I run elemenary OS on a Lenovo Thinkpad Carbon. In order to get correct key log output, I had to define a custom keymap.

If you’re lucky, you might not have to worry about this detail, either! Try this to check if you might need a custom keymap. Start logkeys up with the default keymap.

logkeys -s

Now, peek into the key log.

sudo tail /var/log/logkeys.log --follow

Then, systematically push every single button on your keyboard keep an eye on the key log. Does what’s showing up in the log match what you’re pressing? If so, great. If not, you’ll need to create a custom keymap.

sudo logkeys --export-keymap=mylang.map

Are y and Y appearing where u and U should? Open up the keymap with your favorite editor. Go find the line that reads y Y and make it read u U instead.

Restart logkeys with the custom keymap to try it out.

sudo logkeys -k
sudo logkeys -s -m mylang.map

As before, check if, using the custom keymap, what shows up in the log matches what you’re pressing. Continue to make changes as needed, restarting logkeys each time.

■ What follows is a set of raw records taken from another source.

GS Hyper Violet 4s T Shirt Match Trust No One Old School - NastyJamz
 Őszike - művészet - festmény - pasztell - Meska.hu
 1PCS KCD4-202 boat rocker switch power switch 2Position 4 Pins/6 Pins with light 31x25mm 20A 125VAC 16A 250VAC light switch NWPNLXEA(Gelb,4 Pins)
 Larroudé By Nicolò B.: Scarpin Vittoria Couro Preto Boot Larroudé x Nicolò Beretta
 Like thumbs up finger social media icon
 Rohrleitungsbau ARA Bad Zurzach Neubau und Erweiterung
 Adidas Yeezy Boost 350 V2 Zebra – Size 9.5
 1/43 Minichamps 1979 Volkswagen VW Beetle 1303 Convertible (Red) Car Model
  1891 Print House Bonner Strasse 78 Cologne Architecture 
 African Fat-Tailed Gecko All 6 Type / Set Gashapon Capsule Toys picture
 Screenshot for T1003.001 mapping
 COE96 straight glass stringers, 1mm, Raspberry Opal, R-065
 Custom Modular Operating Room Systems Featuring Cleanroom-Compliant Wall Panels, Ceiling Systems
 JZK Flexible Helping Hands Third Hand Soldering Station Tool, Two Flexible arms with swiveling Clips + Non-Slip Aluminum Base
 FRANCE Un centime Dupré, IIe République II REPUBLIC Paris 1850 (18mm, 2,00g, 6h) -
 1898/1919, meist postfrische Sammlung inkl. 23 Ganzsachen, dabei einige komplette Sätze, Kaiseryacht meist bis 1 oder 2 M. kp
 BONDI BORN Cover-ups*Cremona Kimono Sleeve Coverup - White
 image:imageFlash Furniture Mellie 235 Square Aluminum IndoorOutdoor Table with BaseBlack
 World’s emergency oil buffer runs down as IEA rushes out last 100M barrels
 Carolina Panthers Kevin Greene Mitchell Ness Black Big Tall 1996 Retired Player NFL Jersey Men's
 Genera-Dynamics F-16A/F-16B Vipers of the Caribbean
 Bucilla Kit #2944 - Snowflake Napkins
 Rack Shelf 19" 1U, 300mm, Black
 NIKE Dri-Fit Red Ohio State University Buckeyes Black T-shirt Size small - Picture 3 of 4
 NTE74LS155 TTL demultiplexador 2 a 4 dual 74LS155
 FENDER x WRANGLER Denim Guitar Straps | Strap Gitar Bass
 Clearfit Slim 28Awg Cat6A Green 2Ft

Here’s what my keymap ended up looking like.

I arbitrarily keep it at ~/.config/logkeys/mylang.map.

For more details on the inner workings of the logkeys keymap, see here.

🔗 Security

If you set up a keylogger on your computer, that means… you’re running a keylogger on your computer, yo. All of your passwords and your dirty, dirty secrets are recorded in a file someone else might be able to get their hands on. If you work with sensitive information, there are probably rules you might want to make sure you’re not breaking.

On the flip side of the coin, recording everything you ever type might be useful for recovering lost work in the event of a deletion disaster. (Probably would require the application of some elbow grease, but still.)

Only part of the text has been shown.